Marco Polo est né le 15 septembre 1254 dans la République de Venise, très probablement à Venise mais le lieu exact de sa naissance n'est pas connu avec précision et fait l'objet de discussion, surtout de la part de quelques historiens croates qui considèrent que l'île de Curzola est le lieu de naissance du vénitien. Par ailleurs, même parmi les historiens croates, certains estiment que la naissance de Marco Polo à Curzola soit simplement une invention.

Marco passe son enfance en l'absence de son père Niccolò Polo, négociant vénitien spécialisé dans le grand commerce oriental, il est élevé par son grand-père Andréa Polo lui aussi grand commerçant, cas typique du capitalisme familial. Son père et son oncle Niccolò et Maffeo Polo partent en effet en 1260 pour leur demeure dans le quartier vénitien de Constantinople où cette famille possède plusieurs comptoirs. Lorsque la capitale de l'empire latin de Constantinople est reprise en 1261 par les forces de l'empire de Nicée de Michel VIII Paléologue qui chassent les Latins de la ville, Niccolò et Maffeo Polo (appelé aussi Matteo Polo) cherchent alors d'autres débouchés commerciaux en Asie centrale en s'installant dans le petit comptoir de Soldaïa sur les bords de la mer Noire qui vient de s'ouvrir aux marchands occidentaux à partir de la quatrième croisade.
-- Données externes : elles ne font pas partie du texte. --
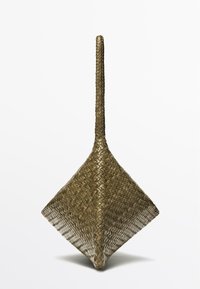 Håndvævet, diamantformet kurv med et langt, smalt håndtag, lavet af naturlige brune fibre mod en hvid baggrund.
Marco Polo a 15 ans lorsque son père et son oncle reviennent en 1269 d'un long voyage en Asie centrale où ils ont rencontré le premier empereur mongol, de la dynastie Yuan Kubilai Khan en Chine, petit-fils de Gengis Khan, qui leur propose le monopole de toutes les transactions commerciales entre la Chine et la Chrétienté et demande en échange l'envoi d'une centaine de savants et artistes pouvant illustrer à ses yeux l'Empire des chrétiens. Ils sont porteurs dans une lettre d'un message de sympathie et de cette demande pour le pape qui voit dans ces tribus (appelées alors tartares en occident) depuis 1250 un possible allié dans la lutte contre l'Islam. Pendant deux années, les deux frères, Niccolò et Matteo, vont attendre l'élection d'un nouveau souverain pontife Grégoire X, le conclave s'éternisant depuis la mort de Clément IV en 1268.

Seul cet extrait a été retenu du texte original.